2) No que respeita ao comparador público e à aprovação ambiental completa, assegurar que todos os concursos têm esses aspectos tratados ex-ante. É fácil e pode, apenas, atrasar um ou outro lançamento. No que se refere à ocorrência de situações excepcionais, como a crise financeira mundial deve-se esperar que o TC seja mais razoável na compreensão da realidade. Do mesmo modo, deve-se esperar que o Governo use estes dados na calendarização das suas opções. É expectável que uma crise como esta produza um julgamento de oportunidade por parte do concedente
3) Essa disparidade, de facto, não existe. Em primeiro lugar, porque o Estado passa a totalidade dos riscos de construção e de financiamento para os promotores ou financiadores privados. A questão da transferência do risco de procura (de tráfego) para os privados merece um pouco mais de atenção. O Estado deixou para o fim as AEs com menos procura, por serem as menos prioritárias. Estas, por terem menos procura, geram menos proveitos através de portagens (outra evidência). Ora o Governo escolheu, manter o princípio do utilizador-pagador, i.e. decidiu manter portagens em todos os troços a construir em perfil de AE. Só que, nestes casos, as portagens pagas pelos utilizadores não chegam para remunerar a construção, financiamento e operação destas vias, pelo que o Estado tem que complementar esses montantes (pagos através de portagens) com os fundos em falta. Podia pagar subsídios à construção ou à operação, mas escolheu pagar a través de taxas de disponibilidade, pois, assim, ainda passa o risco de disponibilidade para os provados.Tudo isto é contratado com uma taxa de rentabilidade que é fixada no momento incial e que é conhecida e aceitável por padrões internacionais. Mais uma vez, o que está em causa, não é tanto o processo mas sobretudo a opção política de construir estas AEs com os encargos que vão gerar no futuro e com um taxa de rendibilidade social, essa sim, totalmente questionável. Aqui, quem deveria ser questionado era a entidade que produziu tais estudos e quem lhe deu cobertura politica.
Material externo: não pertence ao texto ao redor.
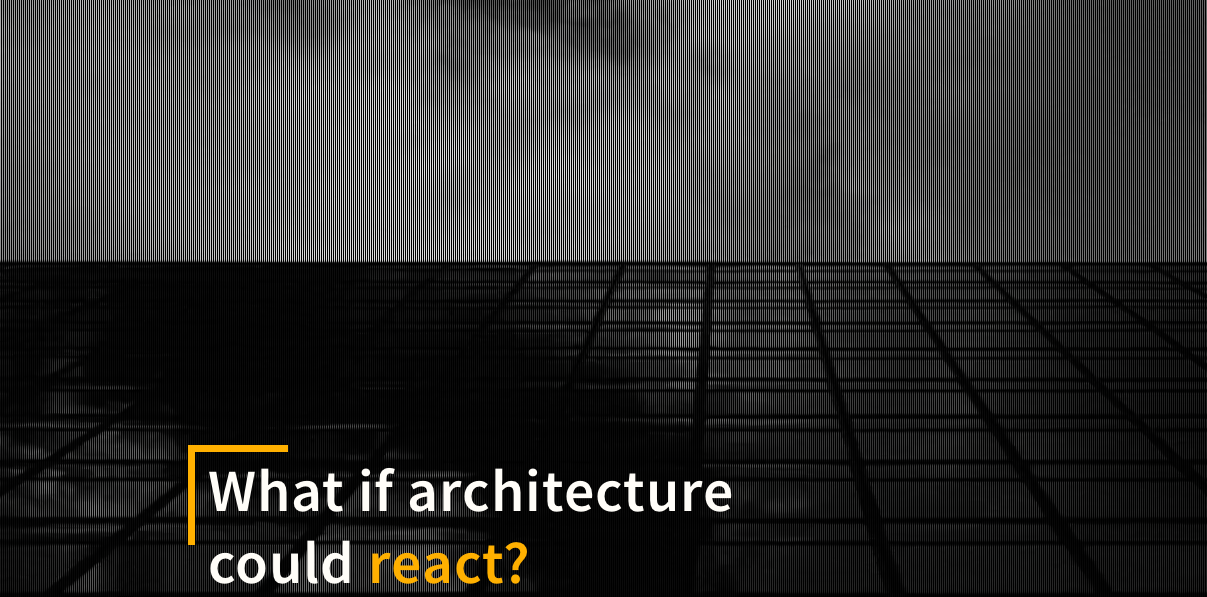 Laka Competition’15: Architecture that Reacts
4) Redesenhar o formato do concurso para o novo aeroporto parece difícil, porque ele ainda não foi desenhado (ou pelos menos não é conhecido esse eventual hipotético desenho). Quanto ao do TGV não parece necessário, pois a generalidade dos procedimentos a que o TC alude já existiam no formato (diferente do das estradas) das PPPs para a alta velocidade.
5) É um risco se não se tratar de obras prioritárias e uma oportunidade se corresponderem a vencer estrangulamentos ao nosso desenvolvimento. Um novo aeroporto em Lisboa encontra-se claramento no último caso; uma terceira AE entre Lisboa e o Porto (como parte da concessão das Auto-Estradas do Centro promete) é um exemplo ainda mais claro de um erro do primeiro tipo.
6) Seria muito grave se levasse à paragem dos concursos já adjudicados, pois acarretaria custos absurdamente expressivos de indemnização e compensação aos consórcios e bancos financiadores envolvidos e destruiria, provavelmente por muitos e longos anos a reputação e credibilidade de Portugal enquanto destino de investimento privado (nacional e internacional). Parece, contudo, que este momento cria uma nova oportunidade para parar e reflectir sobre a urgência dos projectos que estariam para ser lançados ou que ainda estão em fase de concurso. Quanto a esses, parece obrigatório revêr prioridades e racionalizar esforços e meios.
Fernando Nunes da Silva – Vereador da Câmara de Lisboa e engenheiro de transportes
‘Mais auto-estradas são parolice política’
1) Há que distinguir duas ordens de questões. Uma tem a ver com a “gestão” financeira do contrato de sub-concessão, em relação à qual os argumentos apresentados pelas Estradas de Portugal (EP) podem ser compreensíveis face à actual conjuntura económica e financeira do país e do mercado de capitais. O que porventura se justifica esclarecer quanto a este aspecto são os pressupostos e os parâmetros que foram renegociados e quais as suas conseqências para o erário público.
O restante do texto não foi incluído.